● **Dataset excerpt**
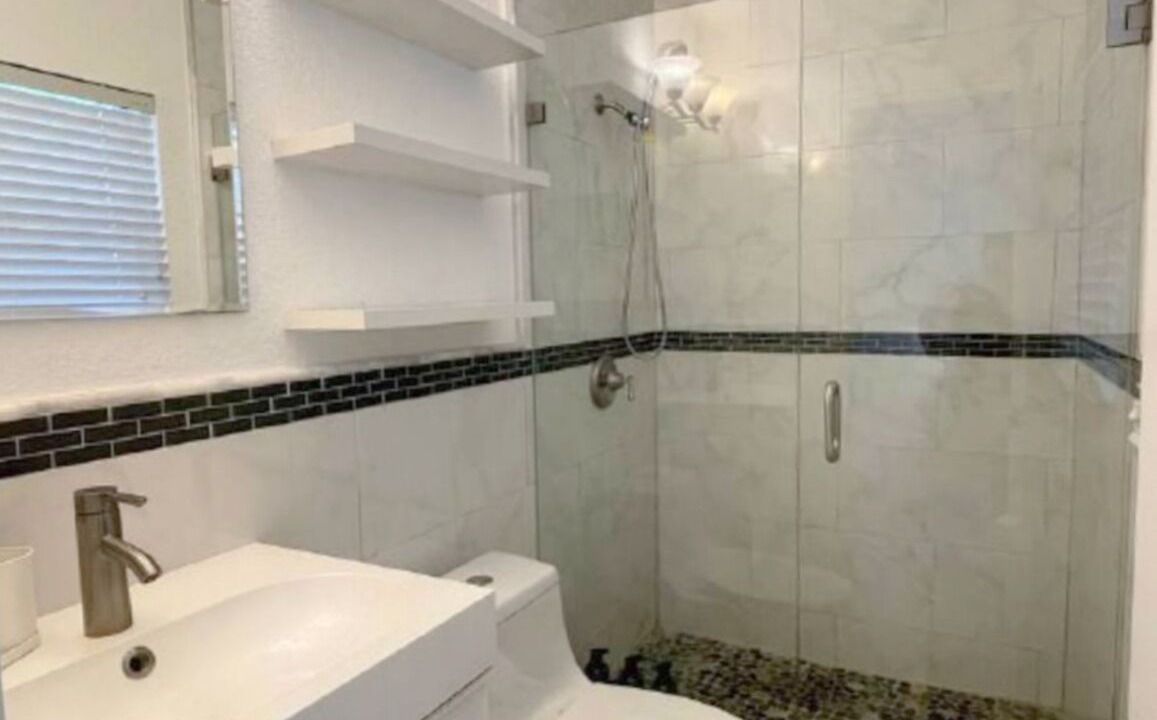Photo of Bathroom in Royal Poinciana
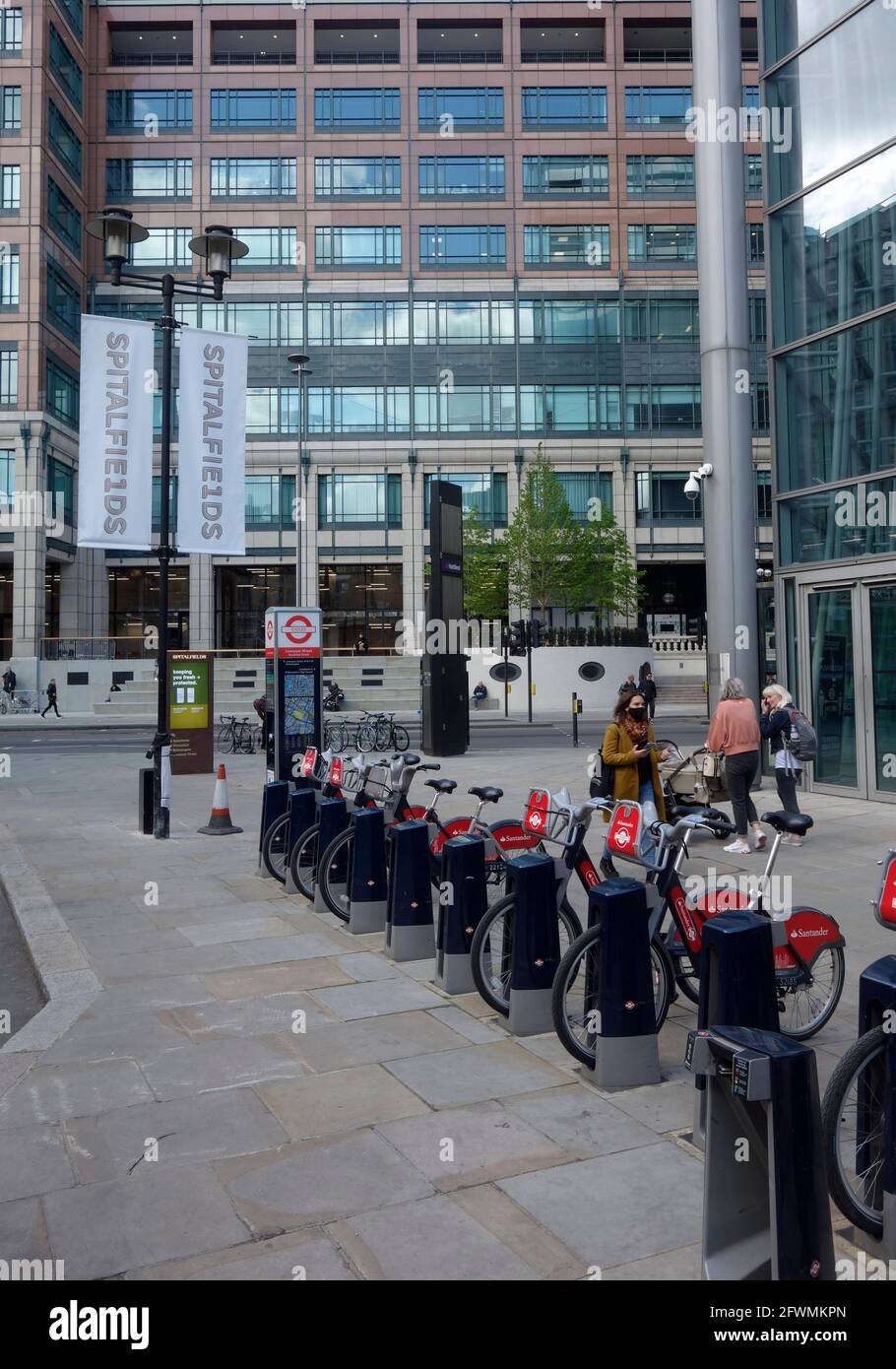 Brushfield Street, vicino al mercato di Spitalfields, nella zona est di Londra. Foto Stock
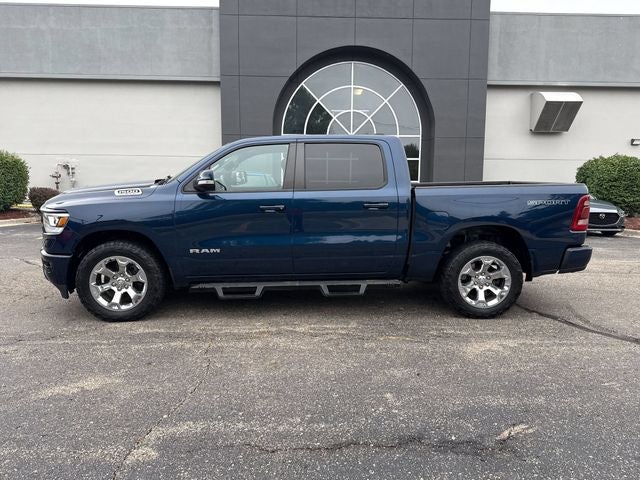 2020 RAM 1500 Big Horn Crew Cab 4x4 5'7' Box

● **Task directions**
Apart from the pictures, every line above must be printed exactly.

● **Your solution**
Photo of Bathroom in Royal Poinciana
 Brushfield Street, vicino al mercato di Spitalfields, nella zona est di Londra. Foto Stock
 2020 RAM 1500 Big Horn Crew Cab 4x4 5'7' Box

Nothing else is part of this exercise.